* _RECORDS SUPPLIED_:
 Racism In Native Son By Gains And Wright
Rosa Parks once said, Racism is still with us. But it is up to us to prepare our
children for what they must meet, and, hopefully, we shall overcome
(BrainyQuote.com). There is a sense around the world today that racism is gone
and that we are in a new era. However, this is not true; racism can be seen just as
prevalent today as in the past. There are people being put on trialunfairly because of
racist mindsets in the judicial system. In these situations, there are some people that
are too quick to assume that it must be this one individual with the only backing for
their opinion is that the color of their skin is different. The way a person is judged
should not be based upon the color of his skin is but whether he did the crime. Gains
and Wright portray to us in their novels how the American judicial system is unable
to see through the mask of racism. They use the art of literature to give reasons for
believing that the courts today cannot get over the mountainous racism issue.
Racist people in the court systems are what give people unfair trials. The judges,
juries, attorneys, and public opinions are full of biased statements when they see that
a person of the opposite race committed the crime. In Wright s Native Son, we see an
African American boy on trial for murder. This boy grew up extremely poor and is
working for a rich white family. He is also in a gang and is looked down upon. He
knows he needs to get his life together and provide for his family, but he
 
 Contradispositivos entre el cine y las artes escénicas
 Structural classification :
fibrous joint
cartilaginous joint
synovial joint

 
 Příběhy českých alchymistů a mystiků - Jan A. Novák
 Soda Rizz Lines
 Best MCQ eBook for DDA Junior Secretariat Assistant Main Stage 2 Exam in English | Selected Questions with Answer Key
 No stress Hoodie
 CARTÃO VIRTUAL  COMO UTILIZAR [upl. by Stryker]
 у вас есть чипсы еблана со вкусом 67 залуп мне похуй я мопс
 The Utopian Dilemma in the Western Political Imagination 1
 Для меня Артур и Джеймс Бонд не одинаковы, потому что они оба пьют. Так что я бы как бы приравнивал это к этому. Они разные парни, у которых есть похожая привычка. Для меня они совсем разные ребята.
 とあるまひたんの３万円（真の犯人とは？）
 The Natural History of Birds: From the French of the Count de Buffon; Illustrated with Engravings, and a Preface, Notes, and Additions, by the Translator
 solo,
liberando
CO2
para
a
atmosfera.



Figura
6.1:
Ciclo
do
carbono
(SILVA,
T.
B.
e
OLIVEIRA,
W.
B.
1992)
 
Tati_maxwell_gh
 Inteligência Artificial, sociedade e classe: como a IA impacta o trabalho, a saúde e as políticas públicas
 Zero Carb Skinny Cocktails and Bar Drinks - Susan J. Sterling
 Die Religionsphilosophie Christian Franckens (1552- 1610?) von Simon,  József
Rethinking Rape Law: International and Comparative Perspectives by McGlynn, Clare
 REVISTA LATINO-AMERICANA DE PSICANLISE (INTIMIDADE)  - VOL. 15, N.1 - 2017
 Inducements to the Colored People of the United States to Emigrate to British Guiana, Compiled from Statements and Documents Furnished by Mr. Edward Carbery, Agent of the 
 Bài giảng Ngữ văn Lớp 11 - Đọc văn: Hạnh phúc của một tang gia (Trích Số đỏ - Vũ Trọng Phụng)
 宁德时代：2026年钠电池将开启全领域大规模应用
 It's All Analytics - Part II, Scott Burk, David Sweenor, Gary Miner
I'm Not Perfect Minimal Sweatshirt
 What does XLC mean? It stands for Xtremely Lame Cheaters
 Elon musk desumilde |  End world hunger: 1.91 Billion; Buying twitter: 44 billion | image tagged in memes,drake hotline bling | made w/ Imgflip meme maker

* _EXERCISE_: Each line of the listing should be printed again, exactly.

* _TASK RESULT_:
 Racism In Native Son By Gains And Wright
Rosa Parks once said, Racism is still with us. But it is up to us to prepare our
children for what they must meet, and, hopefully, we shall overcome
(BrainyQuote.com). There is a sense around the world today that racism is gone
and that we are in a new era. However, this is not true; racism can be seen just as
prevalent today as in the past. There are people being put on trialunfairly because of
racist mindsets in the judicial system. In these situations, there are some people that
are too quick to assume that it must be this one individual with the only backing for
their opinion is that the color of their skin is different. The way a person is judged
should not be based upon the color of his skin is but whether he did the crime. Gains
and Wright portray to us in their novels how the American judicial system is unable
to see through the mask of racism. They use the art of literature to give reasons for
believing that the courts today cannot get over the mountainous racism issue.
Racist people in the court systems are what give people unfair trials. The judges,
juries, attorneys, and public opinions are full of biased statements when they see that
a person of the opposite race committed the crime. In Wright s Native Son, we see an
African American boy on trial for murder. This boy grew up extremely poor and is
working for a rich white family. He is also in a gang and is looked down upon. He
knows he needs to get his life together and provide for his family, but he
 
 Contradispositivos entre el cine y las artes escénicas
 Structural classification :
fibrous joint
cartilaginous joint
synovial joint

 
 Příběhy českých alchymistů a mystiků - Jan A. Novák
 Soda Rizz Lines
 Best MCQ eBook for DDA Junior Secretariat Assistant Main Stage 2 Exam in English | Selected Questions with Answer Key
 No stress Hoodie
 CARTÃO VIRTUAL  COMO UTILIZAR [upl. by Stryker]
 у вас есть чипсы еблана со вкусом 67 залуп мне похуй я мопс
 The Utopian Dilemma in the Western Political Imagination 1
 Для меня Артур и Джеймс Бонд не одинаковы, потому что они оба пьют. Так что я бы как бы приравнивал это к этому. Они разные парни, у которых есть похожая привычка. Для меня они совсем разные ребята.
 とあるまひたんの３万円（真の犯人とは？）
 The Natural History of Birds: From the French of the Count de Buffon; Illustrated with Engravings, and a Preface, Notes, and Additions, by the Translator
 solo,
liberando
CO2
para
a
atmosfera.



Figura
6.1:
Ciclo
do
carbono
(SILVA,
T.
B.
e
OLIVEIRA,
W.
B.
1992)
 
Tati_maxwell_gh
 Inteligência Artificial, sociedade e classe: como a IA impacta o trabalho, a saúde e as políticas públicas
 Zero Carb Skinny Cocktails and Bar Drinks - Susan J. Sterling
 Die Religionsphilosophie Christian Franckens (1552- 1610?) von Simon,  József
Rethinking Rape Law: International and Comparative Perspectives by McGlynn, Clare
 REVISTA LATINO-AMERICANA DE PSICANLISE (INTIMIDADE)  - VOL. 15, N.1 - 2017
 Inducements to the Colored People of the United States to Emigrate to British Guiana, Compiled from Statements and Documents Furnished by Mr. Edward Carbery, Agent of the 
 Bài giảng Ngữ văn Lớp 11 - Đọc văn: Hạnh phúc của một tang gia (Trích Số đỏ - Vũ Trọng Phụng)
 宁德时代：2026年钠电池将开启全领域大规模应用
 It's All Analytics - Part II, Scott Burk, David Sweenor, Gary Miner
I'm Not Perfect Minimal Sweatshirt
 What does XLC mean? It stands for Xtremely Lame Cheaters
 Elon musk desumilde |  End world hunger: 1.91 Billion; Buying twitter: 44 billion | image tagged in memes,drake hotline bling | made w/ Imgflip meme maker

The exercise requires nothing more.